The probabilistic nature of outputs has several practical consequences that experienced engineers learn the hard way:

You cannot assume the model will always produce the same structure in its output, even with the same prompt. Strict output parsing must handle variation.
The model can contradict itself across separate calls even with identical input. For anything requiring consistency, either use temperature $0$ or implement validation logic.
“It gave me a wrong answer” and “it gives wrong answers reliably” are very different failure modes. Always test across multiple runs before concluding a prompt works.

No Meta Knowledge

One thing that trips up newcomers: the model does not “decide” what to say in any cognitive sense. There is no inner monologue, no planning step where it outlines a response before writing it. Each token is generated one at a time, left to right, with no ability to revise earlier tokens once they are committed.

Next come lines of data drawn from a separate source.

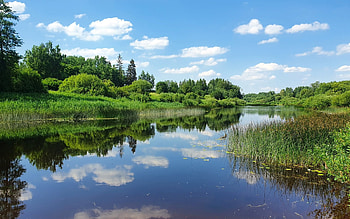 River in Latvia, river, reflection, trees, clouds, Latvia HD wallpaper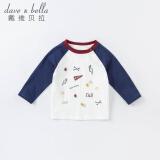 davebella戴维贝拉童装秋装宝宝上衣婴儿棉质衣服男童洋气潮流T恤DBS15502藏青色100cm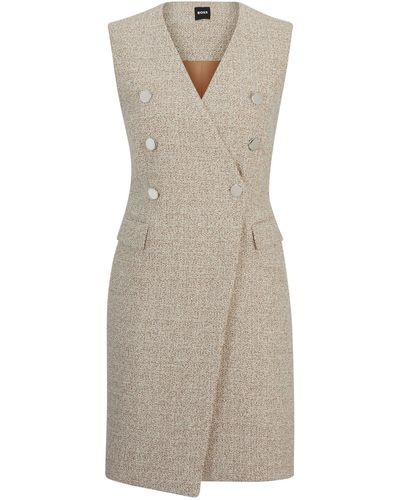 BOSS Double-breasted Sleeveless Dress In Two-tone Tweed - Natural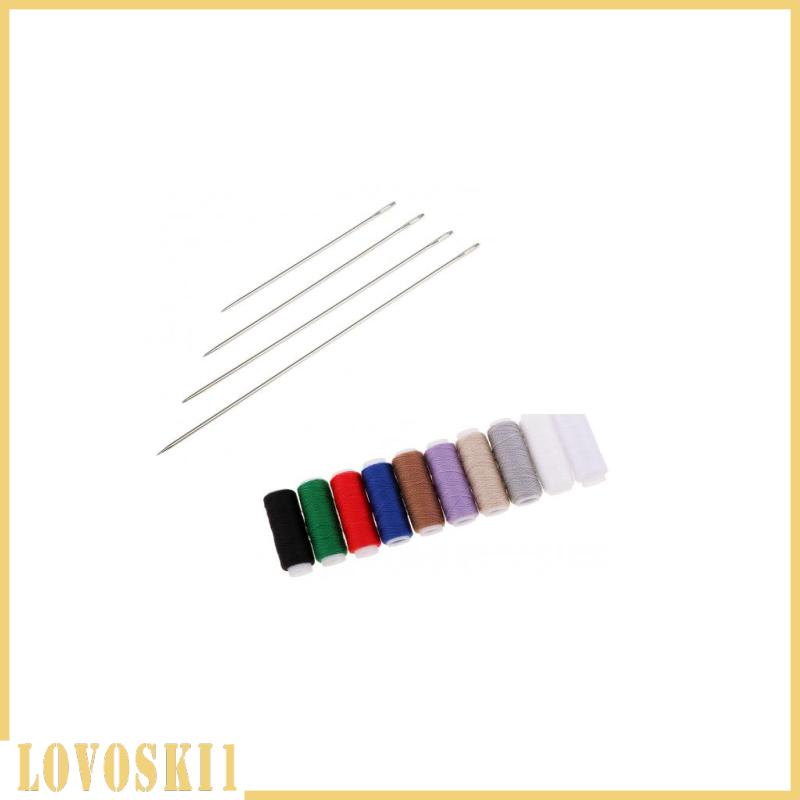 [LOVOSKI1]4 Assorted Sizes Long Hand Sewing Needles for Embroidery Mending Craft Case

This is why “chain-of-thought prompting” - asking the model to reason step by step before giving a final answer - actually improves accuracy on complex tasks. By generating intermediate reasoning tokens, the model conditions later tokens on that reasoning. The scratch space is real and functional: writing “let me think step by step” into the output genuinely changes the distribution over subsequent tokens in a way that improves correctness. It is not theatrical.

It also explains why the model can “hallucinate” - generate confident-sounding but false text. Given a prompt that contextually expects a specific detail (an author name, a statistic, a URL), the model samples a plausible-sounding continuation from its learned distribution. That distribution was built on real text, but it was not indexed for factual accuracy. A plausible token is not the same as a true one.

What “the model knows” Actually Means

When engineers say a language model “knows” something, they mean the training corpus contained many examples where that piece of information appeared in context, causing the model’s weights to encode a strong prior toward continuations that express it. The model does not have a database of facts. It has a compressed, lossy encoding of co-occurrence statistics across hundreds of billions of tokens.

This matters in practice. The model is confident and coherent about things it has seen many times in training. It is unreliable about things that appeared rarely or were expressed inconsistently. It will confidently make up details in domains that are underrepresented in its training data, because the token-prediction machinery does not distinguish between “I learned this” and “I am pattern-matching to something plausible.”

Understanding this helps you design prompts appropriately. For tasks grounded in common knowledge, the model is a powerful accelerant. For tasks requiring precise factual recall, especially of specific numbers, citations, or recent events, the model needs to be treated as a starting point that requires verification.

Footnote

A language model is a next-token prediction machine trained by minimizing the error on predicting held-out tokens from a large corpus. It outputs a probability distribution over its vocabulary at each step, and temperature controls how sharply peaked that distribution is before sampling.

Outputs are probabilistic because the model has learned the natural variation in human language. Understanding this - rather than treating the model as a search engine or a knowledge base - is the foundation for using LLMs effectively in production systems.